On the 17th of November, 1877, at which time the right of action was not barred, the plaintiff presented her claim to the comptroller. She would at that time have been entitled to commence her action, but for section 105 of the charter of 1873, which required her to wait until the comptroller had neglected for thirty days after such presentation, to pay her claim. That section in express terms prohibited her from maintaining any action until the lapse of the thirty days. We think that section 406 of the Code of Civil Procedure was framed to meet just such a case, and to suspend the running of the statute during the term of the statutory prohibition. This view is quite consistent with the case of Dickinson v. Mayor, etc. (92 N. Y. 584). In that case it would not have helped the plaintiff, the term of the statutory suspension being only thirty days, and the plaintiff having exceeded the statutory limitation more than one year, and the claim not having been presented to the comptroller until more than three months after the statutory limitation had expired. But here the action was brought on the 18th of December, 1877. The statutory limitation is claimed by the defendant to have expired the 4th of December, 1877. The excess was only fourteen days, and the operation of section 406 being to suspend the running of the statute during the thirty days following the 17th of November, 1877, when the claim was presented, the action was commenced in due time.

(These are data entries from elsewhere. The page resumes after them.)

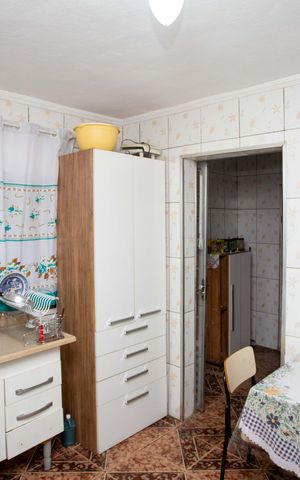 Casa à venda com 197m², 4 quartos e 2 vagasCasa 2 - Cozinha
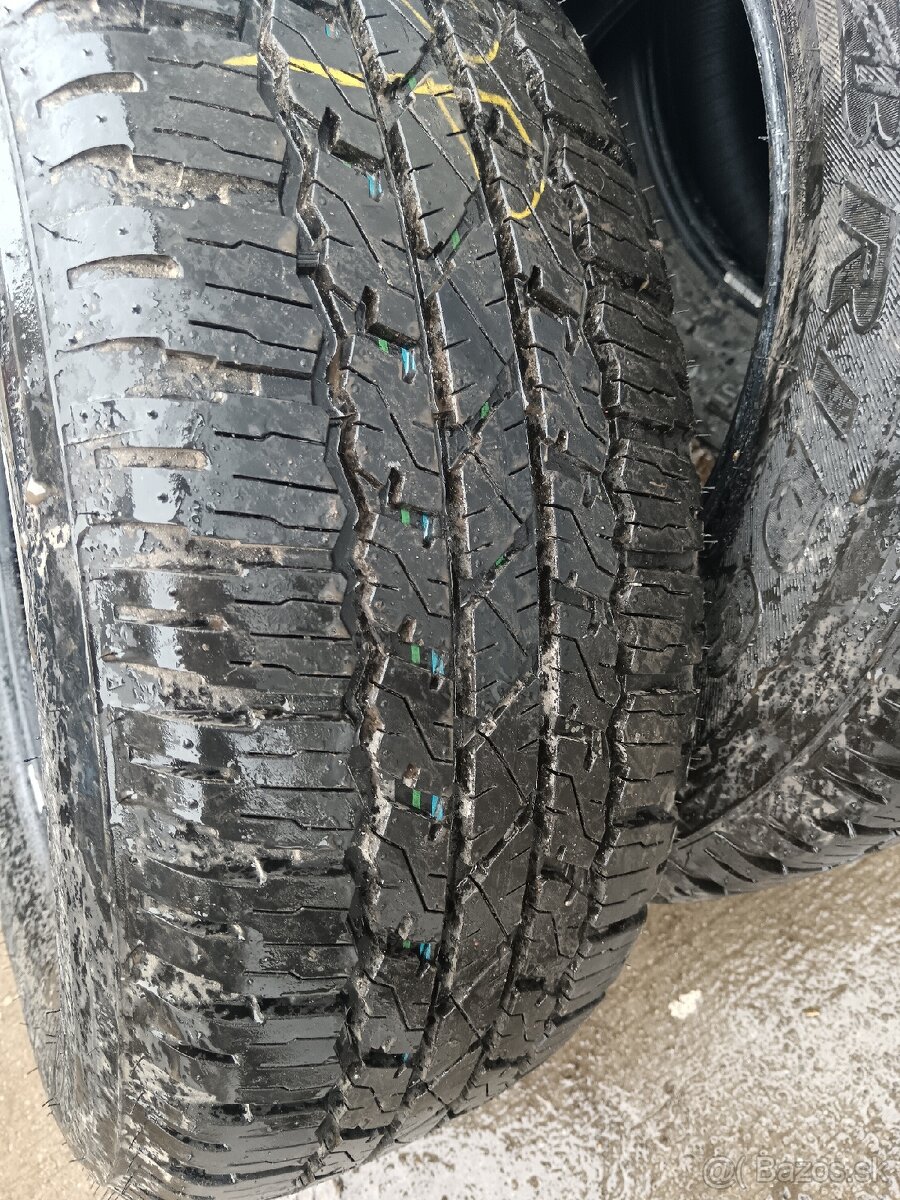 Gumy brigestone 265/65r17 - 3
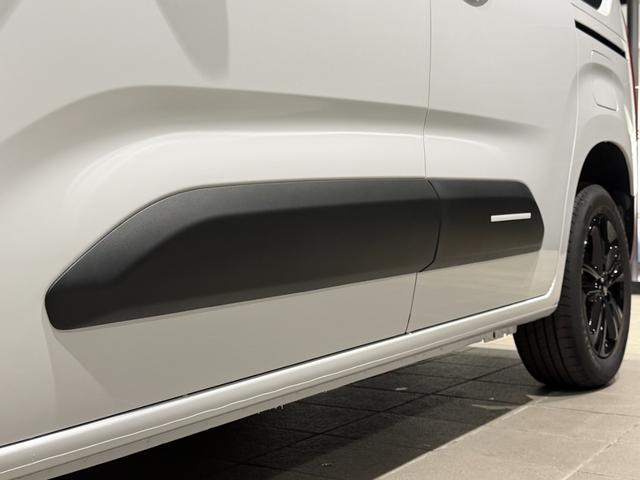 ベルランゴ マックス ブルーHDi XTR ローンチエディション 新車保証継承/LEDヘッドライト/ハンドルヒーター/AAC/アップルカープレイ・アンドロイドオート/アダプティブクルーズコントロール/オートマチックハイビーム/前後クリアランスソナ-/ガラスルーフ(25枚目)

This construction also relieves the statutes from the apparent inconsistency pointed out in the opinion at General Term, of allowing a plaintiff six years within which to commence an action, and at the same time prohibiting him during thirty days of that term from maintaining any action.
Section 410 of the Code of Civil Procedure does not affect this question. It provides only for eases where a simple demand is a necessary preliminary to the bringing of an action, and the action may immediately follow a non-compliance with the demand. Its language is: “ Section 410. Where a right exists, but a demand is necessary to entitle a person to maintain an action, the time within which the action must be commenced, must be computed from the time when the right to make the demand is complete, except in one of the following cases.”
The exceptions have no reference to the question now under consideration. This section. (410) applies to many cases where a demand is necessary, and an immediate right of action follows, but it could hardly apply to the case of a promissory note payable thirty days after demand. In the present case not only a demand was necessary, but a presentation of the claim and a neglect for thirty days to pay. The maintenance oí an action before the expiration of the thirty days was pro hibited, and the question is, whether under section 406, the statute ran during the thirty days.
The order of the General Term shonld be affirmed and judgment absolute rendered against the defendant on its stipulation, with costs.
All concur.
Order affirmed and judgment accordingly.